The COX-2 inhibitor SC-236 was combined with the selective EGFR tyrosine kinase inhibitor ZD1839 (Iressa) and the DNA/RNA-mixed backbone oligonucleotide AS-PKAI to study their effect on human cancer growth and angiogenesis, measuring vascular endothelial growth factor (VEGF) and basic fibroblast growth factor expression and vessel formation, in vitro and after oral administration of these agents in mice.
A cooperative effect was observed with SC-236 in combination with either ZD1839 or AS-PKAI, as well as with all three agents together, on the proliferation of human colon and breast cancer cells in soft agar at doses that were ineffective for each agent alone. The antiproliferative effect was accompanied by inhibition of COX-2 expression. Moreover, combination of SC-236 with either agent or the triple combination markedly reduced VEGF secretion in the conditioned medium and completely suppressed VEGF and basic fibroblast growth factor expression. In nude mice bearing human colon cancer xenografts, a low, noninhibitory dose of SC-236 with ZD1839 and AS-PKAI, all given p.o., caused a dramatic cooperative antitumor effect, with no histological evidence of tumor in 60% of mice 5 weeks after treatment withdrawal, at which time all mice were alive. Moreover, analysis of tumor specimens revealed inhibition of vessel formation and expression of COX-2 and VEGF.
This is the first demonstration that three novel agents blocking multiple signaling pathways, in absence of cytotoxic drugs, may have a potent antitumor and antiangiogenic activity after oral administration.

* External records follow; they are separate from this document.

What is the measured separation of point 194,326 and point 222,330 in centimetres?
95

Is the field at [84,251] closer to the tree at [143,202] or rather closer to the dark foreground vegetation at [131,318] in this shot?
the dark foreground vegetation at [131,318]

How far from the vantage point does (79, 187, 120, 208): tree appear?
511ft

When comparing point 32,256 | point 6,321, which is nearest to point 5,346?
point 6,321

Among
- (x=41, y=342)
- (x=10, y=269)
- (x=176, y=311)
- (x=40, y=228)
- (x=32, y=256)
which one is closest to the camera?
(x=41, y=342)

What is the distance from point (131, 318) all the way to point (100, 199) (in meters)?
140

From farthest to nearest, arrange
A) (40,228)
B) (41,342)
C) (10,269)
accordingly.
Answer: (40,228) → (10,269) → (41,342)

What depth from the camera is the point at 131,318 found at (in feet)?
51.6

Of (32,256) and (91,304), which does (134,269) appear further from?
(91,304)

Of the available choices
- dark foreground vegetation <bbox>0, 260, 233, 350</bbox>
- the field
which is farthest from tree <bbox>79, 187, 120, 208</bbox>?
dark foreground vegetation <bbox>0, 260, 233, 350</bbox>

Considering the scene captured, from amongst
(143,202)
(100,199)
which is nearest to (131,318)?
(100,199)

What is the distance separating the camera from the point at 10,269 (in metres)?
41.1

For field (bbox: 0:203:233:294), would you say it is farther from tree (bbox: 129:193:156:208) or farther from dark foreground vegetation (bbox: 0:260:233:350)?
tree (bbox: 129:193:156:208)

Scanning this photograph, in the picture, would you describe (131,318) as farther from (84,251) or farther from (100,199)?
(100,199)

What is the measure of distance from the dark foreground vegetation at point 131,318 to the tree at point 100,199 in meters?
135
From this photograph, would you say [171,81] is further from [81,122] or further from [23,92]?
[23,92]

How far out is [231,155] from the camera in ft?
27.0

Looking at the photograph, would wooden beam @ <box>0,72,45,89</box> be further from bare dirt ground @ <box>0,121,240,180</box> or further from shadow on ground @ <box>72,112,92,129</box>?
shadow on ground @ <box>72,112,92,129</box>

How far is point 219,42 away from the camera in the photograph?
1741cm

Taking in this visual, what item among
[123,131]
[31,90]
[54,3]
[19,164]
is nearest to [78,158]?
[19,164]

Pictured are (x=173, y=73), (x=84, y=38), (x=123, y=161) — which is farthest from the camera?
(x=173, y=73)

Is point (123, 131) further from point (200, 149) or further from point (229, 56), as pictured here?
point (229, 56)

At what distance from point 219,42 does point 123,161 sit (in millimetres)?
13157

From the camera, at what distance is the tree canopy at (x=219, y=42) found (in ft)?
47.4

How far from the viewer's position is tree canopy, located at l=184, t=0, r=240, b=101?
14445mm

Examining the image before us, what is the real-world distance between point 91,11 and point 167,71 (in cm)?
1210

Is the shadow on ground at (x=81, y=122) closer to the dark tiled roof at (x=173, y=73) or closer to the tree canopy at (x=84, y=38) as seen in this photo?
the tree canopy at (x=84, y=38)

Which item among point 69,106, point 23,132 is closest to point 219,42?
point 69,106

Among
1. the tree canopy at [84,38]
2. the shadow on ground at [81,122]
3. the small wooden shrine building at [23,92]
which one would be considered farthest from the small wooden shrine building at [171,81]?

Because all agents are under clinical evaluation, our results provide a rationale to translate this feasible therapeutic strategy into a clinical setting.

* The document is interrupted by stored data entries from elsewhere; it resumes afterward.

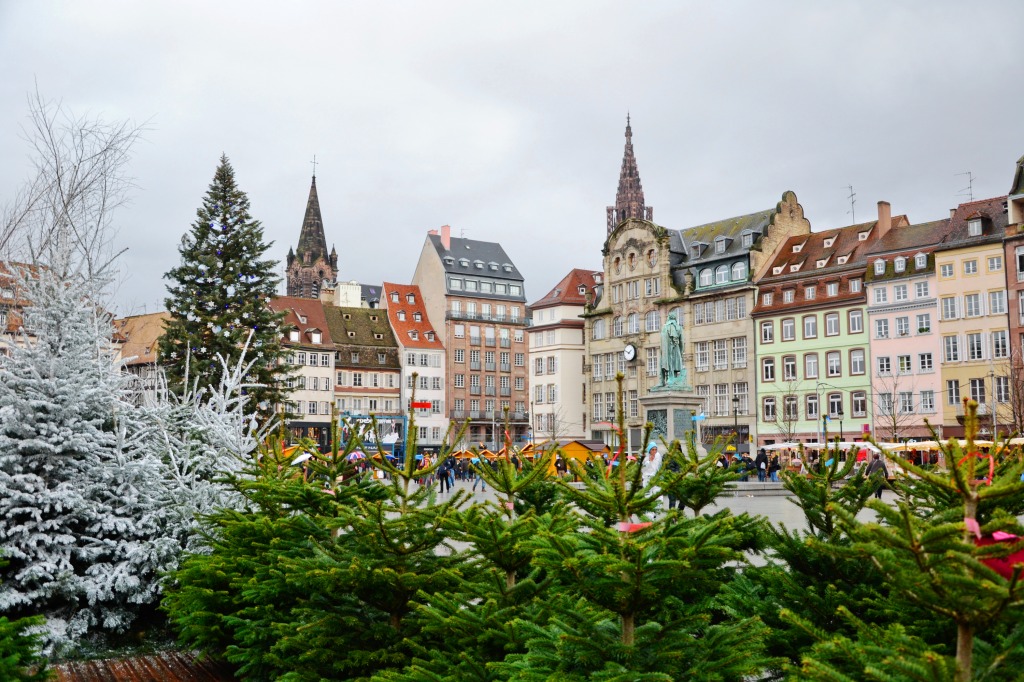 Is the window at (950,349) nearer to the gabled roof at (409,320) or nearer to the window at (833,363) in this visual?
the window at (833,363)

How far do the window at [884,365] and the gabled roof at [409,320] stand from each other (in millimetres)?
40752

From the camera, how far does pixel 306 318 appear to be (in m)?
81.5

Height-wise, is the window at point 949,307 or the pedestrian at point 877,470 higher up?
the window at point 949,307

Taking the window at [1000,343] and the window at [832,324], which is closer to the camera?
the window at [1000,343]

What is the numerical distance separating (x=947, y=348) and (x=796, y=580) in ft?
178

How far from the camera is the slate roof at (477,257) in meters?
89.8

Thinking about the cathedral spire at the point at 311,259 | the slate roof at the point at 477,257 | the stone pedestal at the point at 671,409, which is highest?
the cathedral spire at the point at 311,259

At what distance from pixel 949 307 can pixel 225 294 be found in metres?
39.0

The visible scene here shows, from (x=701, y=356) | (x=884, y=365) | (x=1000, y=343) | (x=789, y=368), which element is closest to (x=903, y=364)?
(x=884, y=365)

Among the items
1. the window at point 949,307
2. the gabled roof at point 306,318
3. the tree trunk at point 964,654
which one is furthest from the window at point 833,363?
the tree trunk at point 964,654

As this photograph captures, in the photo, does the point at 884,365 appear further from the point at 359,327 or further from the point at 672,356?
the point at 359,327

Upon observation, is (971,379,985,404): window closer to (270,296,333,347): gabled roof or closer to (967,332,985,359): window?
(967,332,985,359): window

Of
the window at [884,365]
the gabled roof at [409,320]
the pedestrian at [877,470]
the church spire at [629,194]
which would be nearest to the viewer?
the pedestrian at [877,470]

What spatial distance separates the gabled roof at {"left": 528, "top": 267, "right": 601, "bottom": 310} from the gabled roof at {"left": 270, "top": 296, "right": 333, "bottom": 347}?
17.5 metres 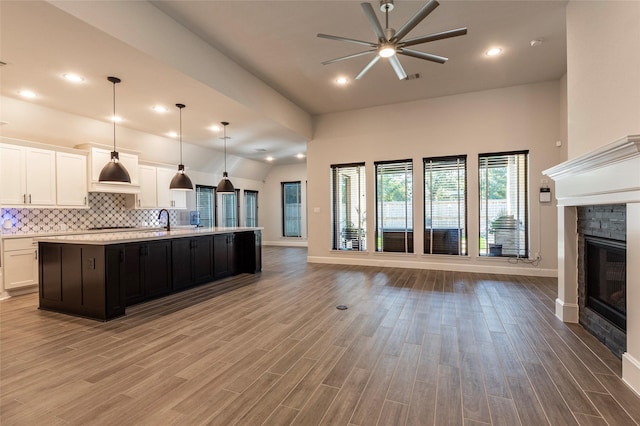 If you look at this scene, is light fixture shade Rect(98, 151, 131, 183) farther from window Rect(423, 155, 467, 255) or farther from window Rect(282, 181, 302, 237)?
window Rect(282, 181, 302, 237)

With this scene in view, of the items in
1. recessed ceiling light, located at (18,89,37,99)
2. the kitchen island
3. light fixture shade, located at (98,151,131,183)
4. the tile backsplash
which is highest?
recessed ceiling light, located at (18,89,37,99)

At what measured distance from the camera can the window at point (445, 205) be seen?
629 centimetres

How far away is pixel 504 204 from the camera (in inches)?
237

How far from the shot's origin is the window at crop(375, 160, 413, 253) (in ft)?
22.1

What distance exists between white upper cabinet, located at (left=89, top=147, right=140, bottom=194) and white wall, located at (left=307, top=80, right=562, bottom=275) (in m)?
4.01

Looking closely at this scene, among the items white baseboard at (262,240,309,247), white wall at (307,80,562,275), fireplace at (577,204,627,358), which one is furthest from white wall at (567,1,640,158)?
white baseboard at (262,240,309,247)

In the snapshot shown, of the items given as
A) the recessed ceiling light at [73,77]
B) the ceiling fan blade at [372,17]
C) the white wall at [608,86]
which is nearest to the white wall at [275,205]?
the recessed ceiling light at [73,77]

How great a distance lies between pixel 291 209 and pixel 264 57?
7.64 m

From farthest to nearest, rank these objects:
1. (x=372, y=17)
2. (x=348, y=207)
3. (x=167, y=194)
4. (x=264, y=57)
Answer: (x=167, y=194)
(x=348, y=207)
(x=264, y=57)
(x=372, y=17)

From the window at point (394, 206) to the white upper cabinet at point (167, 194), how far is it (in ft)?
17.0

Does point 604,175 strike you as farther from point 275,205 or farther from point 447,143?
point 275,205

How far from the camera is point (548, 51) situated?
4.62m

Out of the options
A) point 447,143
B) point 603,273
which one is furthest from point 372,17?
point 447,143

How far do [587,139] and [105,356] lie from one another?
197 inches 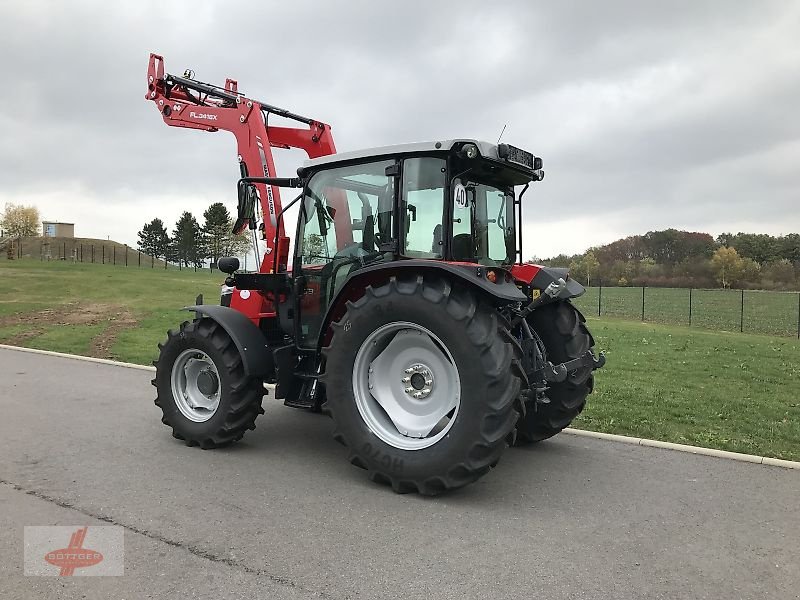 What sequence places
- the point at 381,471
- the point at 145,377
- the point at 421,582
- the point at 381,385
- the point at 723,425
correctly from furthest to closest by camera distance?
the point at 145,377 < the point at 723,425 < the point at 381,385 < the point at 381,471 < the point at 421,582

表皮生长因子受体(EGFR)和蛋白激酶A I型(PKAI)在癌细胞生长和血管生成的调控中发挥重要作用。EGFR和PKAI的抑制剂在多种肿瘤类型的体外和体内均具有抗肿瘤活性,其中一些药物口服后也具有活性。越来越多的证据表明,环氧合酶(COX)-2在促进癌细胞增殖和血管生成中也发挥作用。COX-2的表达可由EGFR激活诱导,并受cAMP和PKA调控。EGFR抑制剂与非选择性COX-1/COX-2抑制剂联合使用可预防裸鼠肠道癌的发生。因此,我们研究了联合阻断COX-2、EGFR和PKAI是否能产生协同抗肿瘤作用。
将COX-2抑制剂SC-236与选择性EGFR酪氨酸激酶抑制剂ZD1839(易瑞沙)和DNA/RNA混合骨架寡核苷酸AS-PKAI联合使用,研究它们对人类癌症生长和血管生成的影响,检测血管内皮生长因子(VEGF)和碱性成纤维细胞生长因子的表达以及血管形成,分别在体外和给小鼠口服这些药物后进行观察。
观察到SC-236与ZD1839或AS-PKAI联合使用,以及三者共同使用时,在软琼脂中对人结肠癌细胞和乳腺癌细胞增殖具有协同作用,而单独使用每种药物时在相应剂量下均无效。这种抗增殖作用伴随着COX-2表达的抑制。此外,SC-236与任何一种药物联合或三联组合均显著降低了条件培养基中VEGF的分泌,并完全抑制了VEGF和碱性成纤维细胞生长因子的表达。在携带人结肠癌异种移植瘤的裸鼠中,低剂量、无抑制作用的SC-236与ZD1839和AS-PKAI口服给药后,产生了显著的协同抗肿瘤作用,停药5周后,60%的小鼠未发现肿瘤组织学证据,此时所有小鼠均存活。此外,对肿瘤标本的分析显示血管形成以及COX-2和VEGF的表达均受到抑制。
这是首次证明在无细胞毒性药物的情况下,三种新型药物阻断多个信号通路,口服给药后可能具有强大的抗肿瘤和抗血管生成活性。由于所有药物均处于临床评估阶段,我们的结果为将这种可行的治疗策略转化为临床应用提供了理论依据。